Download Apache Spark: Go to the official Apache Spark website (https://spark.apache.org/downloads.html) and download the latest version of Spark.
Extract Spark: Once downloaded, extract the Spark package to a desired location on your Windows machine.

Configure Environment Variables:

Open the Start menu and search for “Environment Variables.”
Click on “Edit the system environment variables” to open the System Properties window.
Click on “Environment Variables” at the bottom of the window.
Under “System variables,” click “New” and add the following variables:
Variable Name: SPARK_HOME, Variable Value: <path to your Spark installation directory>
Variable Name: HADOOP_HOME, Variable Value: <path to your Hadoop installation directory> (if using Hadoop)
Variable Name: PYSPARK_PYTHON, Variable Value: <path to your Python executable>
Add Spark’s bin directory to PATH: Append the following to the “Path” variable under “System variables”:
%SPARK_HOME%\bin

Verify the Setup: Open a new command prompt and run PySpark to launch the PySpark shell.

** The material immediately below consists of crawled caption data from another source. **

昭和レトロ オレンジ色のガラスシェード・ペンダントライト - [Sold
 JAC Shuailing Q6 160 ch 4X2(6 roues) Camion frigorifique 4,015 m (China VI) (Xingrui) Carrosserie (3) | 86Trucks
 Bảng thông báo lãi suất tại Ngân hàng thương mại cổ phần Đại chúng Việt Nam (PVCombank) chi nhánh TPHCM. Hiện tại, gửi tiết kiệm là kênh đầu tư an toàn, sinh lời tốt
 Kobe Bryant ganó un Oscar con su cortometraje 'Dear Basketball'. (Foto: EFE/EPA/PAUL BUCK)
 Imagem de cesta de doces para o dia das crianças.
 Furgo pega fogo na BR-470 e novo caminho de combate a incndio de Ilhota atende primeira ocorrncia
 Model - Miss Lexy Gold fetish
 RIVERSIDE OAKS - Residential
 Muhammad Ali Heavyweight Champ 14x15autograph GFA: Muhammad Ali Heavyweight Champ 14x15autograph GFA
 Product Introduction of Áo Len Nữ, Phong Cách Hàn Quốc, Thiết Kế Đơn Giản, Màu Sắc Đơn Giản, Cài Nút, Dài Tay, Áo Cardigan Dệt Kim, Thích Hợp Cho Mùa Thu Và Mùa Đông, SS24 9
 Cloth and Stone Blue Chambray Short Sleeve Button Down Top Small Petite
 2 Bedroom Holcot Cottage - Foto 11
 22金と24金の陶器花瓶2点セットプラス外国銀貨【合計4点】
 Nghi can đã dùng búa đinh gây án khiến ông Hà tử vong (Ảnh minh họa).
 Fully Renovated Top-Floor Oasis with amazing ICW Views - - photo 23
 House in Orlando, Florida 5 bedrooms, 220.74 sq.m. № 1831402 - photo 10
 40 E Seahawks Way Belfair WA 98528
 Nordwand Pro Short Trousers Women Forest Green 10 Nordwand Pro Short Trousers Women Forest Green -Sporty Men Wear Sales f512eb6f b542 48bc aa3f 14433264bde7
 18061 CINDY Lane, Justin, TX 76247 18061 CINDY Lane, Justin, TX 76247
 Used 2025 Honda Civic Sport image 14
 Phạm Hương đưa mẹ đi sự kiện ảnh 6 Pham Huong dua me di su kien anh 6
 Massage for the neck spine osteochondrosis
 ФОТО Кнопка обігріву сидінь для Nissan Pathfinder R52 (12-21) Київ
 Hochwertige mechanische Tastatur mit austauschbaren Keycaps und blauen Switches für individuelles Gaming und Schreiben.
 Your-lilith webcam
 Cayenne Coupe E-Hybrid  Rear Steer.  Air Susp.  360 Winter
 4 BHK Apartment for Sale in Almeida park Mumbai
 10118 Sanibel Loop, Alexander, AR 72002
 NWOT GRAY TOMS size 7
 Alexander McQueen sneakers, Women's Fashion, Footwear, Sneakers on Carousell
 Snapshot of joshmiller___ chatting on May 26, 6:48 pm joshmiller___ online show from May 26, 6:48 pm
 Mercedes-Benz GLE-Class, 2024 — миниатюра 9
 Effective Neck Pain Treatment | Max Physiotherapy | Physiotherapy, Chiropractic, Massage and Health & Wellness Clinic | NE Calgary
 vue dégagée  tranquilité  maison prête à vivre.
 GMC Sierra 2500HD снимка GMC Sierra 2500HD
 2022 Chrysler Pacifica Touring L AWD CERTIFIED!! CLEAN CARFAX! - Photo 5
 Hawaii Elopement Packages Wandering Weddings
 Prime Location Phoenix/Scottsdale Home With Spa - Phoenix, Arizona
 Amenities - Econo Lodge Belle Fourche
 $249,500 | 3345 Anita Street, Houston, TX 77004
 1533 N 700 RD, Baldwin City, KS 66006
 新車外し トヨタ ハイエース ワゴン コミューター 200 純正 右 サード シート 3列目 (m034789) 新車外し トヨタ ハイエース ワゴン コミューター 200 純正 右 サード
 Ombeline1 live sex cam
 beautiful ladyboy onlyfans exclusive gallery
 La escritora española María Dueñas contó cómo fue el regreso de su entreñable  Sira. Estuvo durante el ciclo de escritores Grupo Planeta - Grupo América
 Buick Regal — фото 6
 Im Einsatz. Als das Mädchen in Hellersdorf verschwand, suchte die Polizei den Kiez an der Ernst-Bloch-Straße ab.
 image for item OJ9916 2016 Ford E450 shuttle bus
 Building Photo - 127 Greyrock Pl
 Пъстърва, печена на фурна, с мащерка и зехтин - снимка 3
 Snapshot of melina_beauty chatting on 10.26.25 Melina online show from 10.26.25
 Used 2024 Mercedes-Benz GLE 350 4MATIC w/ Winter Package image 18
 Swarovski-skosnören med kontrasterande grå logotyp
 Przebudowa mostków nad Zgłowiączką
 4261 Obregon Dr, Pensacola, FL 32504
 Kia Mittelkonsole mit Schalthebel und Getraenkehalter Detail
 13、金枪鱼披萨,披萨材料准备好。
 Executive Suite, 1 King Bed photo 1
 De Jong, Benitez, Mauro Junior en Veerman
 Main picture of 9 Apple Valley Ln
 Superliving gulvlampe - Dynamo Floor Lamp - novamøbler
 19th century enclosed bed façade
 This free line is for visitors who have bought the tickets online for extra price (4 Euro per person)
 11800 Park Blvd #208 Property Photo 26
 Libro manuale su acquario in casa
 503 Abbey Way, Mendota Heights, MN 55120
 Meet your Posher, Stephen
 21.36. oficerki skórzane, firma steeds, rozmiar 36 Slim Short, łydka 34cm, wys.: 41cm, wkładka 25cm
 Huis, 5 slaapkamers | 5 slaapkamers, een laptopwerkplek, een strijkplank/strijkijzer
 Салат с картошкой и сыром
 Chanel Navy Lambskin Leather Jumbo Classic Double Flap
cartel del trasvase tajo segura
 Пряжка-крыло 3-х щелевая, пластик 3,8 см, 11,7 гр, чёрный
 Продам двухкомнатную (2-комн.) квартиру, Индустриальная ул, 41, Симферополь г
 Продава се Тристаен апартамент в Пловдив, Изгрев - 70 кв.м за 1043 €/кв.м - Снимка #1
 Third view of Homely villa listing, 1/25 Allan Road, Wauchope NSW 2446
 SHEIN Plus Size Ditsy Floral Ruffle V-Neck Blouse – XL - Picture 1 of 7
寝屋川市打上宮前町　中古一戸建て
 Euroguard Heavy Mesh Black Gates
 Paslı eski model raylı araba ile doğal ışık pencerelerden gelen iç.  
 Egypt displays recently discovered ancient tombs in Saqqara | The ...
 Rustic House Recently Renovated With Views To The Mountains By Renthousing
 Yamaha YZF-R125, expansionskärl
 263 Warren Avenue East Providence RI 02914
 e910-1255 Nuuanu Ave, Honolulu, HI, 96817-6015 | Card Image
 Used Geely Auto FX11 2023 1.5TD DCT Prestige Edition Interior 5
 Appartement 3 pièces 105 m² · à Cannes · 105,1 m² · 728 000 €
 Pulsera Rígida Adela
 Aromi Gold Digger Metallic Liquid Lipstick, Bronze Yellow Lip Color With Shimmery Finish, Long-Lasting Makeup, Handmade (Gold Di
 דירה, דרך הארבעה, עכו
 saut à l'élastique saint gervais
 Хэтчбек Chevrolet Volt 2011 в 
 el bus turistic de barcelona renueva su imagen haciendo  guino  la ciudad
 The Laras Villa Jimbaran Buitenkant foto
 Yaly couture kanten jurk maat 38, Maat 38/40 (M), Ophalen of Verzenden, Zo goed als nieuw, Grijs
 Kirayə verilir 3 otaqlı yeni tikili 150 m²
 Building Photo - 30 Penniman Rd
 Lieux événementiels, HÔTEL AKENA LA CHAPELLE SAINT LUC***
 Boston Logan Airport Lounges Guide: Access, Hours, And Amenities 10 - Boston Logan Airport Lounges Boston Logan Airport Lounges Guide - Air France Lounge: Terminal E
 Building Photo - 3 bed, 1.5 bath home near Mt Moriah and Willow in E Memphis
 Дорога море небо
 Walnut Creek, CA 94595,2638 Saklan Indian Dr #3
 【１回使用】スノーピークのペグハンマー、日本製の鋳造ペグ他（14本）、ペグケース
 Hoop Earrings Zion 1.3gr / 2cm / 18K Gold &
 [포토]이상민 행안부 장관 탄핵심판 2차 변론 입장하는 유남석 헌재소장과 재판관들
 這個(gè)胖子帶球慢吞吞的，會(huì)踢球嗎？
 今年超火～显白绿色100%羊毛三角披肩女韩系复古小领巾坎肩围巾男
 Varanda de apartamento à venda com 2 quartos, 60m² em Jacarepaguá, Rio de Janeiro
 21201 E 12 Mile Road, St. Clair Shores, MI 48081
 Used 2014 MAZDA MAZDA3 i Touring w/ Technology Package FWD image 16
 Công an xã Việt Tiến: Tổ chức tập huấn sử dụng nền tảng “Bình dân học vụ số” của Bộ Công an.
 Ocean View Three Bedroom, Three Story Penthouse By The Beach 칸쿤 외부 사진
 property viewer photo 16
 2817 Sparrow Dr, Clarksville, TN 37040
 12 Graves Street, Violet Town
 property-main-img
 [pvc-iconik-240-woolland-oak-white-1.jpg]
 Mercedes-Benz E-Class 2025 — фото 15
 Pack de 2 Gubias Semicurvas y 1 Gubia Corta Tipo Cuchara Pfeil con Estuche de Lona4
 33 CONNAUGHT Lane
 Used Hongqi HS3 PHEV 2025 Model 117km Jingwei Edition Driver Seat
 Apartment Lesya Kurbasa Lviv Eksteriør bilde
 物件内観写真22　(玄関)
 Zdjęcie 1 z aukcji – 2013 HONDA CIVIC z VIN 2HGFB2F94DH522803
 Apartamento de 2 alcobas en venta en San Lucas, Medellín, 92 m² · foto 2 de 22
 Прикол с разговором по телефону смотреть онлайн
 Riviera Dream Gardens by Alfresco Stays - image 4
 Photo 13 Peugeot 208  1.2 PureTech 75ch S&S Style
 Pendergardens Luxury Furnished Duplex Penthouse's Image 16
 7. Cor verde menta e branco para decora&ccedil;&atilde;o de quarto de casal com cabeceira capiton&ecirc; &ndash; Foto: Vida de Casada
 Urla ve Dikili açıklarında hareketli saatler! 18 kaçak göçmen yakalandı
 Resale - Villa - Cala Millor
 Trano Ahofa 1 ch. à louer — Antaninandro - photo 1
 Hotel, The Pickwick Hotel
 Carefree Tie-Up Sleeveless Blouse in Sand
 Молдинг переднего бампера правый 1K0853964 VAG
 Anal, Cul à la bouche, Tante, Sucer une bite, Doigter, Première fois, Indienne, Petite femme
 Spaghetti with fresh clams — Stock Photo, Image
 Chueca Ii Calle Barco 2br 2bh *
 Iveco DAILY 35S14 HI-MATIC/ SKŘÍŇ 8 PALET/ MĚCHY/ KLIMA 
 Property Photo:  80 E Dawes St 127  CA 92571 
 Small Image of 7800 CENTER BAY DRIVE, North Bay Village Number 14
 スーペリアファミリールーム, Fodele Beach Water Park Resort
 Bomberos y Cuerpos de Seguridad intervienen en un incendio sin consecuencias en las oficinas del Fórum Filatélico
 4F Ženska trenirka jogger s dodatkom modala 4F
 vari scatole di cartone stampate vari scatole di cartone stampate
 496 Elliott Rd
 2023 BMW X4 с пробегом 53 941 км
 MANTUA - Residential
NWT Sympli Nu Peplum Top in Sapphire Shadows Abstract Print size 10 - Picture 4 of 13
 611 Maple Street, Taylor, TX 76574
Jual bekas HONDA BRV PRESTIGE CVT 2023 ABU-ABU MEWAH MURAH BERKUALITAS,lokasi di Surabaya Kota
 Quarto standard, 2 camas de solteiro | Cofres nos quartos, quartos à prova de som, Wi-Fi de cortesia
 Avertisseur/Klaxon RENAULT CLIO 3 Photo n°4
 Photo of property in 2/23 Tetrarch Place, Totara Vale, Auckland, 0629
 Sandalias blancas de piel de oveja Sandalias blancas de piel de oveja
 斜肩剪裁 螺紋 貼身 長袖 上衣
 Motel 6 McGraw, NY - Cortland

If it starts without errors, the setup is successful.

Testing the PySpark Installation:

  • Open a new terminal or command prompt window.
  • Run the following command to start the PySpark shell:
pyspark
>>>
  • If everything is set up correctly, you should see the PySpark shell starting and a Python prompt (>>>) appearing.
  • You can test PySpark by running simple PySpark commands, such as creating RDDs or DataFrames and performing basic operations on them.